Write a preliminary due diligence summary
Write a preliminary due diligence summary based on what public research reveals about [COMPANY NAME]. Structure it as: company overview, key findings (positive), key concerns or red flags, gaps where information is unavailable publicly, and recommended next steps for deeper diligence. I will use this to decide whether to proceed to formal due diligence. Note: based on the following research I have gathered: [PASTE YOUR NOTES].
Define the questions to answer in formal due diligence
Based on my preliminary research into [COMPANY OR OPPORTUNITY], what are the most important questions I should seek to answer in formal due diligence with access to non-public information? Prioritize the questions by: what could be a deal-breaker if the answer is wrong, what could significantly affect valuation or terms, and what is less critical but still worth verifying.
Research comparable situations to assess risk
I am evaluating [DESCRIBE OPPORTUNITY OR SITUATION]. Find examples of similar [acquisitions, investments, partnerships, situations] that have gone well and others that have gone poorly. What were the factors that distinguished the successful from the unsuccessful? I want to understand what the known risks and success factors are for this type of deal based on how comparable situations have played out.

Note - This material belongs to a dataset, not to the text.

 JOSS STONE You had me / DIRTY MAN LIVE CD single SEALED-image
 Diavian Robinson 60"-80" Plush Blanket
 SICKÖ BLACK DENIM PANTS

No. Formal due diligence for significant transactions involves legal review, financial audit, access to non-public documents, background check services, and professional judgment that Perplexity cannot replicate. What Perplexity does is compress the preliminary research phase: it helps you build a first-pass picture from public information quickly, identify the most important questions to investigate further, and decide whether a more formal process is warranted. Think of it as pre-diligence, not diligence.
Perplexity can find: news coverage and press releases, company websites and public filings, LinkedIn and professional background information, customer reviews and ratings, court records mentioned in press coverage, funding and investor information from Crunchbase and similar, regulatory enforcement actions that were publicly announced, and employer reviews from Glassdoor or similar. It cannot access private documents, sealed court records, credit reports, or any non-public information.

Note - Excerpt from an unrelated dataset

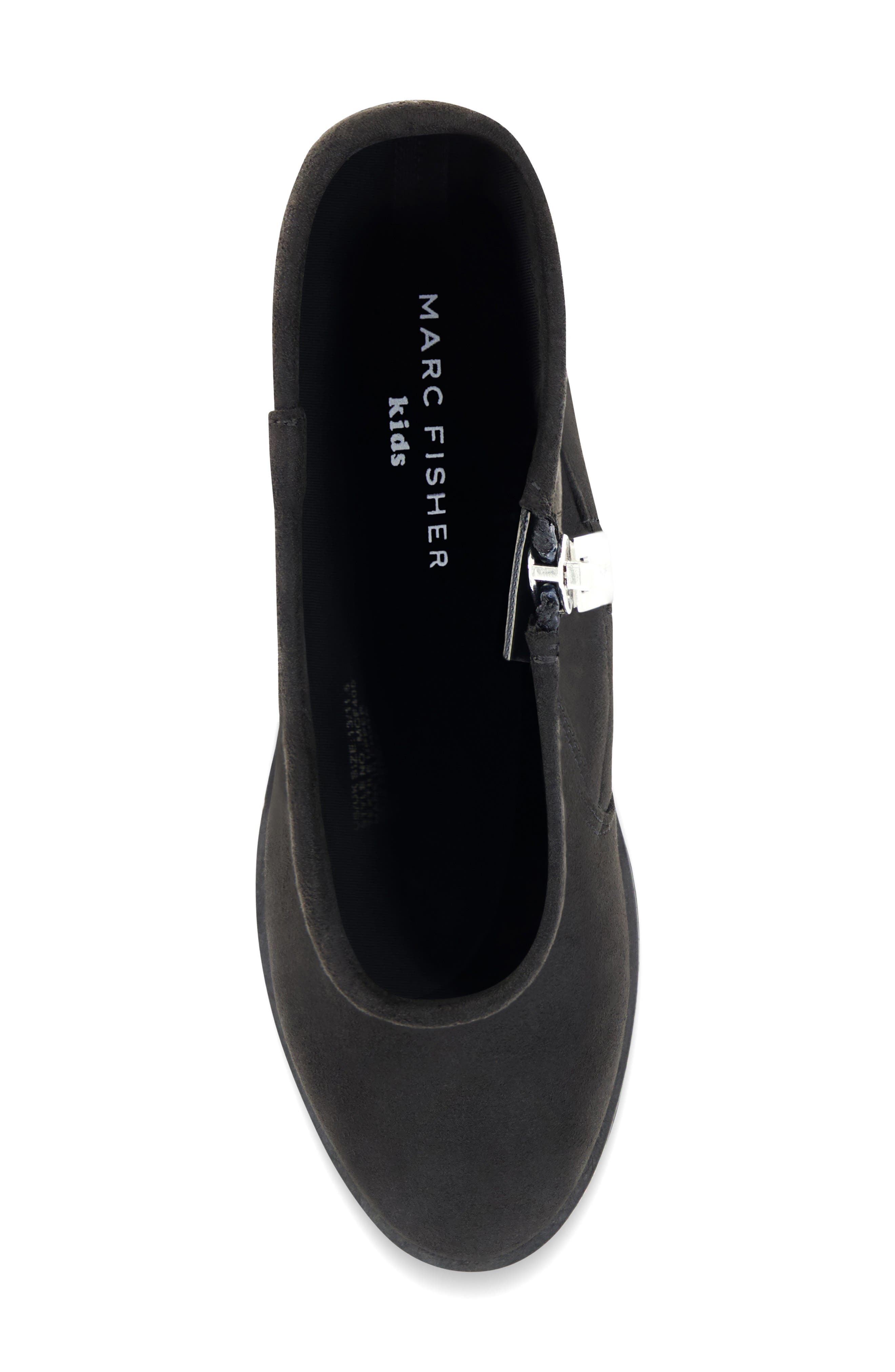 Marc Fisher Kids' Ilana Tall Boot, Alternate, color, Black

Private companies publish less information, which limits what any research tool can find. Perplexity is most useful for finding press coverage, funding data, customer reviews, and leadership backgrounds. Financial information for private companies is often estimated or disclosed only in press releases, so treat any revenue figures as approximations. The absence of findable information about a private company is itself a data point worth noting.

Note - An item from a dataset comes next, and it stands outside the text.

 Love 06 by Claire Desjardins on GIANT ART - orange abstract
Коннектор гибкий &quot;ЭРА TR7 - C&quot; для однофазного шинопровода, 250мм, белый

For high-level background research on public figures or executives, yes. Perplexity can surface professional history, press coverage, and publicly disclosed legal issues. For any formal or consequential background check, use a licensed background check service, which has access to court records, credit history, and employment verification that Perplexity cannot access. Understand the legal requirements in your jurisdiction for conducting background checks on individuals.
Use your Perplexity research to define the specific questions your formal due diligence needs to answer, identify the biggest risks that need independent verification, and decide whether the opportunity is worth the cost of formal diligence. For significant transactions, engage qualified professionals: lawyers for legal and regulatory review, accountants for financial review, and specialized background check services for individual investigations. Perplexity findings should inform your formal process, not replace it.